Signal Watch Watches: Last of the Mohicans (1992)

If you've seen this movie, what you'll primarily remember is Daniel Day-Lewis running around the woods outside of Asheville, North Carolina with a musket in one hand and a hatchet in the other.  That's because this is the movie about the toughest long distance runner to ever cross the screen.

I've tried to read the book of Last of the Mohicans at least twice and wasn't able to get past the period prose, so maybe it's time to try again.  The movie is a pretty interesting look into a corner of the seemingly interminable French Indian War that preceded the Revolutionary War by more than a decade, and lays the groundwork for why colonists would have bucked a bit at the yolk of their British lords.
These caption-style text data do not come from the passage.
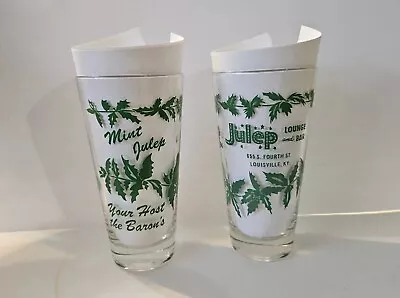 Vintage Julep Lounge And Bar Glass Kentucky Derby Louisville Mint  • $21.86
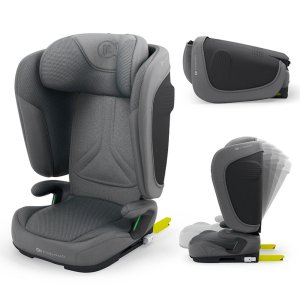KINDERKRAFT KINDERKRAFT Autosedačka skládací Unity 2 I-Size (100-150 cm) Grey
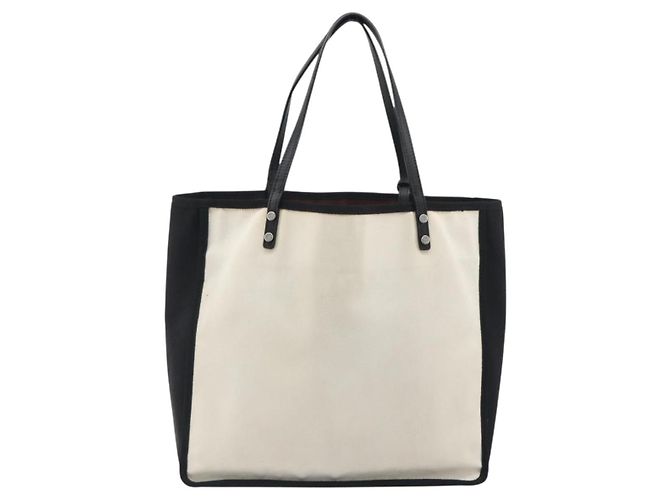 CHANEL Let's Lemon Tote Bag Canvas Beige Silver CC - vista 2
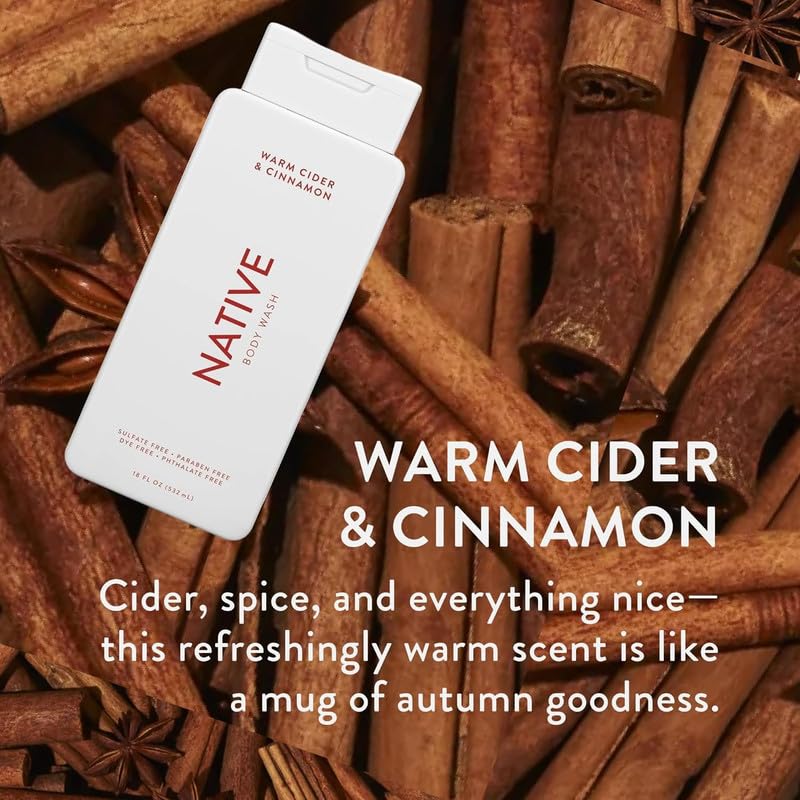 Native Seasonal Body Wash, Warm Cider & Cinnamon, 18 oz ? 2 Pk - Image 4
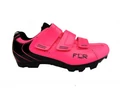 FLR Elite F-55 MTB cipő, 3 tépőzáras rögzítés, 38-as méret, fluo pink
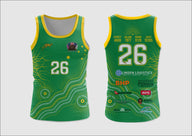 Green & Gold Singlet Kids — Newman Bloody Slow Games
he's running at you before you even start the movie

Director Michael Mann is far better known for his stylish noir cop movies and TV shows like Miami Vice, Heat and Manhunter, but he applies his same eye for detail and what has often been visual oddity turned to wide shots and stills that echo American master painters (see: Hudson River School, including Cole's "Scene from the Last of the Mohicans") covering the pre-industrialized landscape.  Mann got the difference between the controlled world of the British and their utter lack of understanding of the frontier itself, the settlers who'd chosen to carve out new lives in the unknown, and the lives of the natives they were so disrupting.  Mann keeps all of that in play, and Daniel Day-Lewis's Hawkeye is an excellent counterbalance for all these forces as the unlikely white child raised by natives.

now he's running over there...
The film is often brutal, not putting a romantic spin on either European-style warfare of the time with its rules of engagement (the surrender of Munro is handled a bit how you read these surrenders taking place between respectable gentlemen), and gets downright grim when the British troops amble into the guerrila-style tactics of the natives.  Hatchet swinging and musket firing can be some nasty business.  And, folks, this is how we carved up the East Coast.

still running

Mostly people remember Day-Lewis from this movie, and Madeline Stowe, but it's one of those movies where it never really feels like anyone misses a beat, including Wes Studi as the vengeance-driven Maqua.  The actual two last Mohicans, played by Russell Means and Eric Schweig, carry their scenes despite the shift to sub-titles and having to perform against a script that heavily favors Hawkeye as the main character.  And we all remember Alice pitching herself off the cliff and Duncan going up as crispy critters - and making you care enough about the characters that the deaths mean something.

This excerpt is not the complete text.